Demikian pula pada penumpasan pemberontakan Komunis di Madiun 1948, dimana
banyak yang gugur sebagai pahlawan.
Setelah perjuangan fisik selesai, selanjutnya Pemuda Demokrat
terlibat praktis politik. Sebagai manifestasinya berafiliasi dengan Partai
Nasional Indonesia (PNI). Tahun 1963 organisasi ini melebur diri menjadi
Gerakan Pemuda Marhaen (GPM) dan resmi menjadi underbow PNI. Tragedi G 30 S/PKI yang menurunkan rezim Soekarno
dari singgasana kekuasaan ternyata juga meluluhlantahkan PNI. Partai politik terbesar
Orde Lama ini terimbas kemelut perubahan sosial. PNI ada yang digolongkan
ekwivalen dengan PKI (ASU), yang sebaliknya disebut PNI Osa-Usep. Konteks
inipun merayap ke GPM
Konflik ini akhirnya mencapai titik kulminasi tahun 1982,
ketika Bambang Haryanto SH selaku ketua GPM, tanpa melalui Kongres
mendeklarasikan bahwa GPM kembali menjadi Pemuda Demokrat Indonesia sebagaimana
pertama kali dicetuskan tahun 1947 dengan asas Pancasila. Personil lain yang
tidak setuju tindakan Bambang Cs tetap mempertahankan GPM. Dua-duanya sama-sama
jalan, sama-sama eksis dan sama-sama punya pimpinan pusat di Jalan Salemba Raya
73 Jakarta. Empat tahun kemudian GPM hilang dari peredaran.
Pemuda Demokrat yang kemudian
berjalan sendiri tidak otomatis berjaya dalam panggung kepemudaan
Indonesia. Ormas-ormas pemuda yang lahir setelah Orde Baru dicanangkan, seperti
KNPI, Pemuda Pancasila, AMPI, FKPPI dan lain-lain melaju bagaikan jet membelah
langit, sementara Pemuda Demokrat rupanya hanya sanggup naik becak.
Kemauan Politik
Di atas itu semua bukan berarti tiada harapan lagi.

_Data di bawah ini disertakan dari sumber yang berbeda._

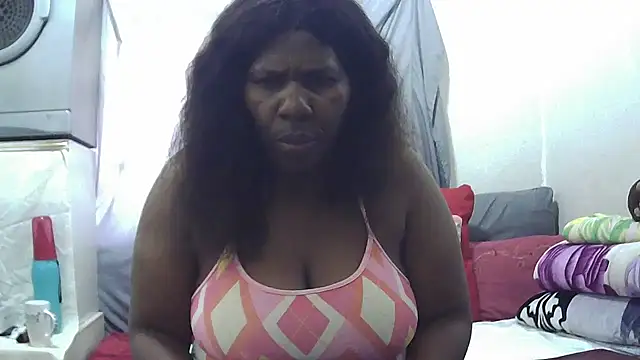 Delicioussexy online show from July 28, 2026, 7:38 am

Fenomena
kepemudaan Indonesia yang dituding telah mengalami erosi nasionalisme,
berpolitik hanya demi uang dan jabatan, serta terjebak neo feodalisme, adalah
momen tepat bagi Pemuda Demokrat berperan. Berperan untuk meluruskannya sebagaimana dititahkan Max Weber diatas, sebab Pemuda Demokrat
lahir dari kancah perjuangan. Adakah kemauan untuk itu ?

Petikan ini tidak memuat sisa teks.